Jangan pernah mengerjakan sesuatu tanpa hati yang bahagia. Kenapa? Karena yang kita lakukan pasti tidak akan maksimal. Beberapa bulan lalu, di RTku telah mengadakan pemilihan ketua RT. Kali ini, beberapa nama mengajukan diri menjadi ketua RT. Kebanyakan warga tentu tahu track record para calon ketua RT. Tapi aku tidak dan mungkin beberapa warga lain juga ada yang tidak tahu.
Aku jelas tidak mengenal, karena minim sosialisasi dengan lingkungan. Tapi ibu, tante dan pamanku sangat memahami. Cara pemilihannya, seperti tahun-tahun sebelumnya. Dipilih lewat pencoblosan langsung. Namun, satu kartu keluarga hanya boleh satu pemilih.
Setelah terpilih ketua RT yang baru segera melakukan pergerakan. Sayangnya, tidak semua warga mendukung. Ada saja yang tidak suka dengan terobosan-terobosan yang ada. Walaupun terobosan itu memberi perubahan yang baik. Ya, begitulah kalau memang tidak suka pada personalnya ya. Oh iya, sebenarnya kemenangan antar calon cukup tipis lho.
Beberapa saat setelah menjabat, ketua RT yang baru mengundangku ke rumahnya. Hanya saja, aku berhalangan dan tidak bisa hadir. Keesokan harinya, aku mendapatkan cerita dari pamanku yang hadir dalam undangan tersebut. “Namamu masuk sebagai ketua pemberdayaan wanita lho ris,”kata paman.
“Hah? Gak salah? Gak pernah ikut kegiatan RT terus tiba-tiba ditunjuk,” jawabku.
“Gak paham,” kata paman sambil berlalu pergi.
Akhirnya aku mendapat penjelasan dari Ketua RT kenapa namaku bisa ditulisakan dalam perangkat RT. “Cuma simbolis kok. Namamu diusulkan sama mbak Rina,” tambah bu RT. Ya, ketua RTku adalah seorang perempuan.
“Bu, maaf ya. Sebaiknya dicari yang lain saja. Saya tidak bisa aktif berkegiatan di luar. Lagi pula, anak-anak belum bisa ditinggal,” alasanku.
“Sudah sambil jalan saja.

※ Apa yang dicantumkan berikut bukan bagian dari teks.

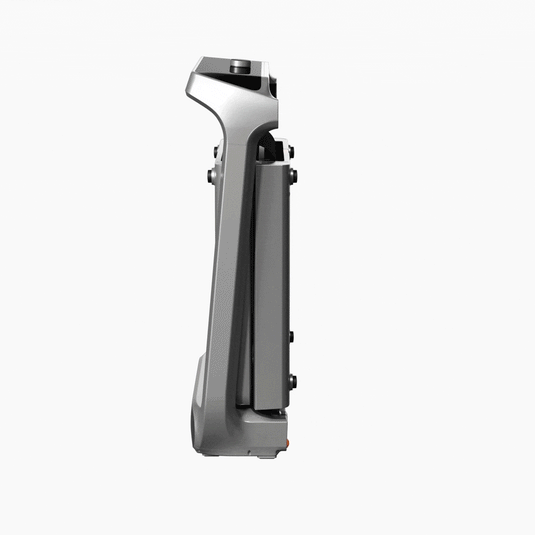 WalkingPad - X218 Foldable Treadmill | 11.5 MPH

Nanti tetap didampingi kok,” tambahnya.
Aku juga menyuarakan ke mbak Rina, salah satu perangkat RT yang sudah berpengalaman bertahun-tahun di RTku. “Sudah santai aja,” jawabnya. Tak ada satupun yang mengizinkanku mundur.
Akupun berusaha untuk tetap profesional dalam menjalankan peran. Meski dalam perjalanannya, aku memang tidak bisa fokus karena selalu membawa anak-anak dalam memenuhi undangan dari puskesmas. Berbeda dengan banyak komunitas yang aku ikuti, semuanya selalu mendukung dan ramah pada anak-anak yang dibawa. Tentu saja ini membuat hatiku galau. Sejak menikah, aku sudah berniat untuk melibatkan dalam semua agendaku. Jadi, kalau tidak ramah dengan anak, tentu aku makin tak tenang.
Dan aku semakin menyikapi dengan santai tanpa beban, karena ternyata aku tidak pernah dilibatkan pada keputusan apapun yang berhubungan dengan “kewajibanku” sebagai kepala pemberdayaan perempuan. Meski sedikit kecewa, aku juga bersyukur. Karena artinya jawaban itu hanya formalitas belaka.
“Padahal Riska kalau diberi kepercayaan sepenuhnya, pasti total,” kata ibu ke tanteku.
“Yang sodorin nama Riska memang aku, karena dulu riska memang mau terlibat kan. Cuma kaget juga kalau ternyata Riska sering tidak tahu ada keputusan apa-apa,” kata tanteku. Percakapan tak sengaja mereka membuatku tertawa. “Dulu memang mi, semangat mau edukasi. Tapi memang gak mudah. Orang pas posyandu, habis timbang langsung pulang. Gak bisa disalahin, ibu-ibu lain pasti punya kesibukan. Datang ke posyandu, kalau gak seru, ya gitu aja,” jawabku.
Karena sebenarnya seperti ibu-ibu lain, aku juga tidak mau lama-lama berkumpul. Ha-ha.